Encyclopedias and Law Lexicons
- Aiyar Ramanatha P., Major Law Lexicon: Encyclopedia Law Dictionary with Legal Maxims, Latin Terms and Words & Phrases, Edn. 4, (Revised & Enlarged), Vols. 6., Gurgaon: Butterworths Wadhwa, 2017.
- Aiyar K.J., Judicial Dictionary, Edn. 17, Vol. 1-A to K; New Delhi: Butterworths India 2017.
- Prem, Daulat Ram, Judicial Dictionary, Vols. 3, Jaipur: Bharat Law Publications, 1992.
- Legal Glossary published by Ministry of Law, Justice & Co. Affairs, 2001.

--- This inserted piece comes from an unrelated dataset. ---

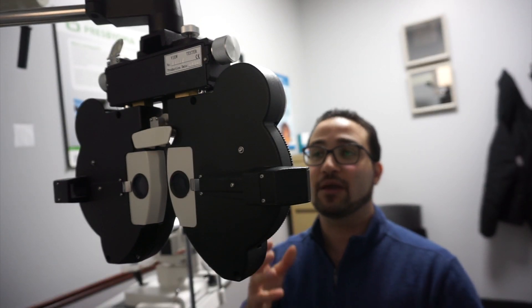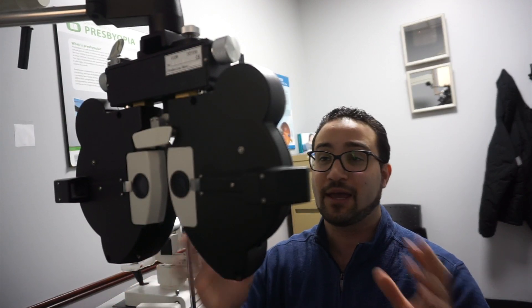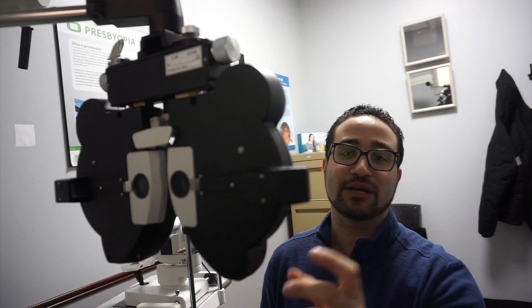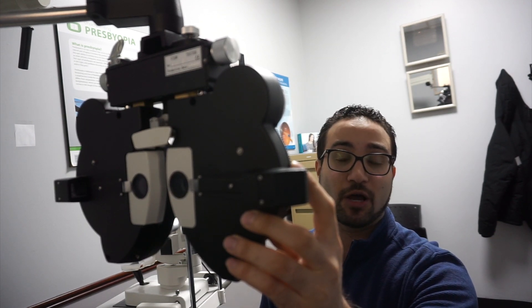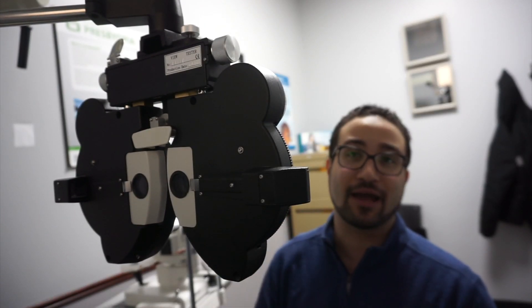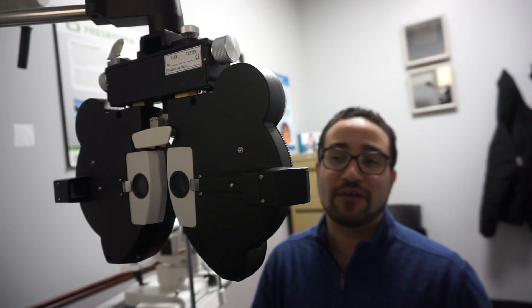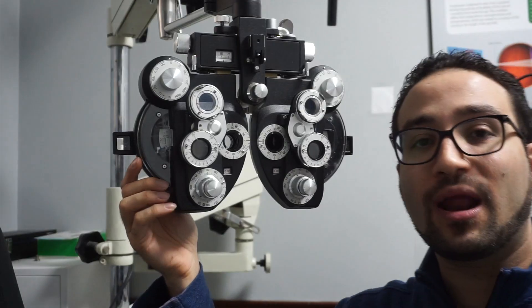Every case is different — you may be doing refraction with both eyes open, you may be blurring the patient; there are many different factors. This is just for a basic understanding. Once the left eye is closed and we're working on the right eye, I put about 0.75 or one diopter of blur in front of the patient's prescription. The patient will have a little blurriness because we've given them about a plus one extra over their prescription. This allows us not to over-minus the prescription.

- Thakker, C.K., Encyclopedic Law Lexicon, Edn. 4, Vols. 4., Delhi: Ashoka Law House, 2017
- Halsbury’s Laws of India, Ed. 2 Approx 56 Vols., New Delhi: Butterworths 2016
Manual of Central Acts
- Manohar & Chitley, AIR Manual: Civil and Criminal, Edn. 6, Vols. 29 -, Nagpur: AIR Pvt. Ltd., 2004.
- Encyclopedia of Important Central Acts & Rules, Vols. 1-32, Delhi: Universal Law Publishers, 2017, Reprint 2017.
There are approximately 350 law journals, which are being published in India. The most cited law report containing Supreme Court decisions is “Supreme Court Cases (SCC)” followed by “All India Reporter (AIR)” and “Supreme Court Report (SCR)”. Major Law journals containing the Supreme Court judgments are as under:
- Supreme Court Cases
- AIR (SC)
- Supreme Court Reports
- Judgment Today
An analysis of the citations in the Supreme Court shows that “Supreme Court Cases” is the most used law report cited by about 60% of the advocates in the Supreme Court.
- Annual Survey of Indian Law
- New Delhi: ILI
- Journal of Indian Law Institute
- Journal of Constitutional & Parliamentary Studies
- Indian Journal of International Law
- Indian Bar Review
- National Law School of Indian Review
- Journal of Human Rights (NHRC)
The Supreme Court of India contains information about the full text of the Constitution of India, the jurisdiction of the Supreme Court, golden jubilee celebration, Rules, former CJI’s, present CJI and judges, calendar of the Supreme Court, registrars, and former judges. This site also has links to “Indian Courts,” “JUDIS,” “Daily Orders,” “Case Status,” “Cause List,” “Courts Websites” and India Code. Home page of "Judges Library” can also be accessed through this website.
“Judges Library” Home Page of the Supreme Court of India has developed some very useful in-house legal databases, namely “JUDIS,” “SUPLIS,” “SUPLIB,” “LEGISLATION,” “CATALOGUE,” “EQUIVALENT CITATION TABLE,” “UNION CATALOGUE” and “CURRENT LEGAL JOURNALS.” In addition to these in-house databases, links for many open-source law journals and websites have also been provided on “HOME PAGE” of Judges Library which may be useful to the legal fraternity. These databases can be accessed through the website of the Supreme Court of India by clicking the link “Judges Library”. Home Page of “Judges Library” appears by clicking this link.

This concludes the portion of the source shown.